» **Listed entries**:
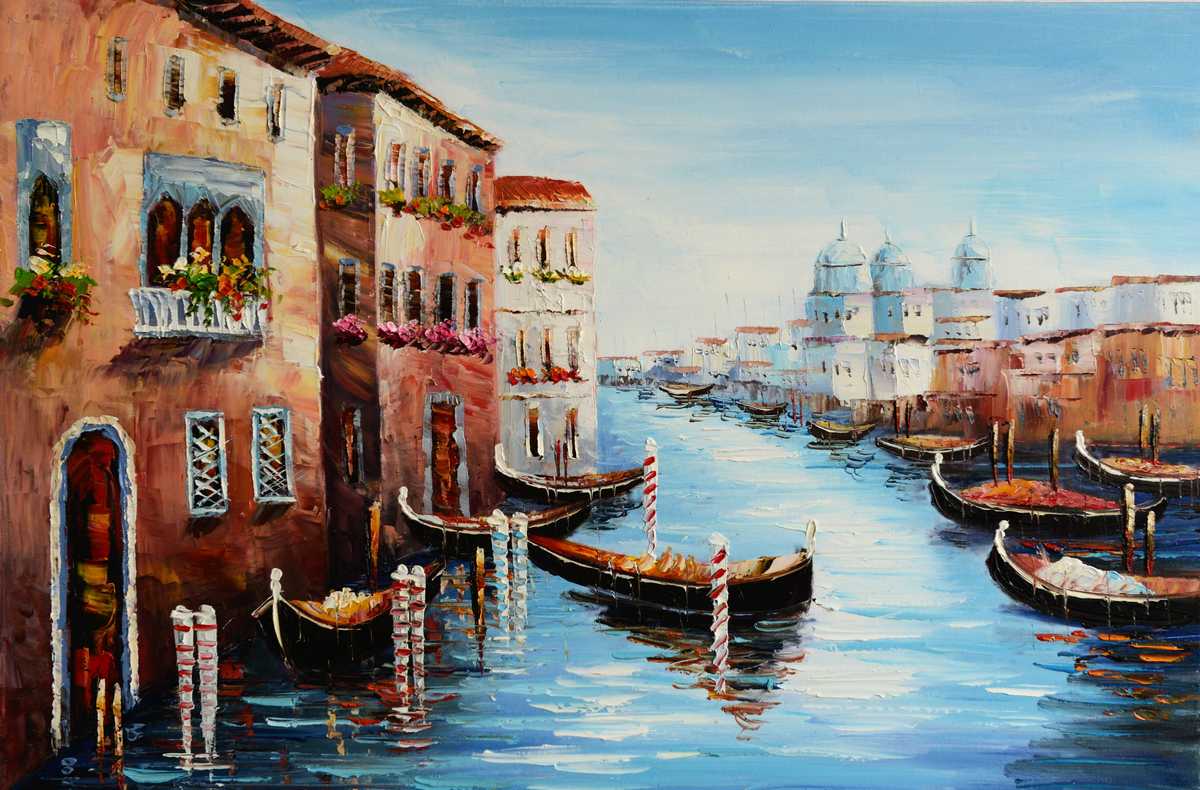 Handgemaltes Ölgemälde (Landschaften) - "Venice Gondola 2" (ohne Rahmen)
==
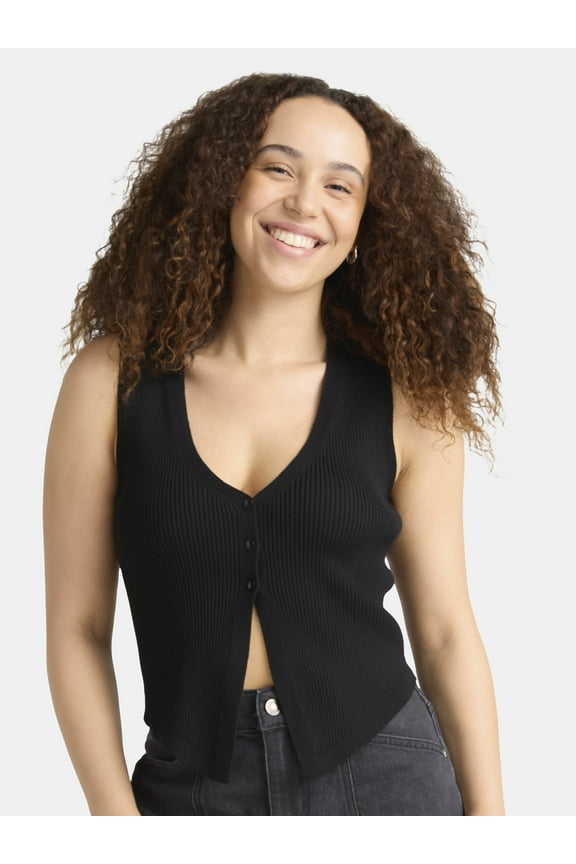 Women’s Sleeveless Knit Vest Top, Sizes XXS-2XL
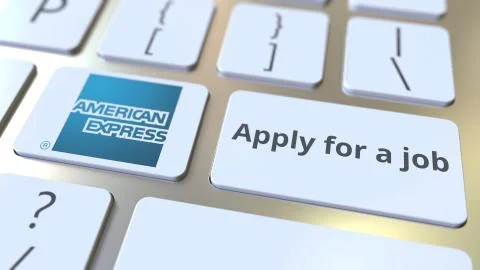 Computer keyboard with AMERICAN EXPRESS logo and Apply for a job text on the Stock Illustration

» **Activity**: Give back exactly, and solely, the section of the data above bounded by the line containing "Women’s Sleeveless Knit" and the line containing "Computer keyboard with", both bounding lines included and pictures omitted.

» **Response box**:
 Women’s Sleeveless Knit Vest Top, Sizes XXS-2XL
 Computer keyboard with AMERICAN EXPRESS logo and Apply for a job text on the Stock Illustration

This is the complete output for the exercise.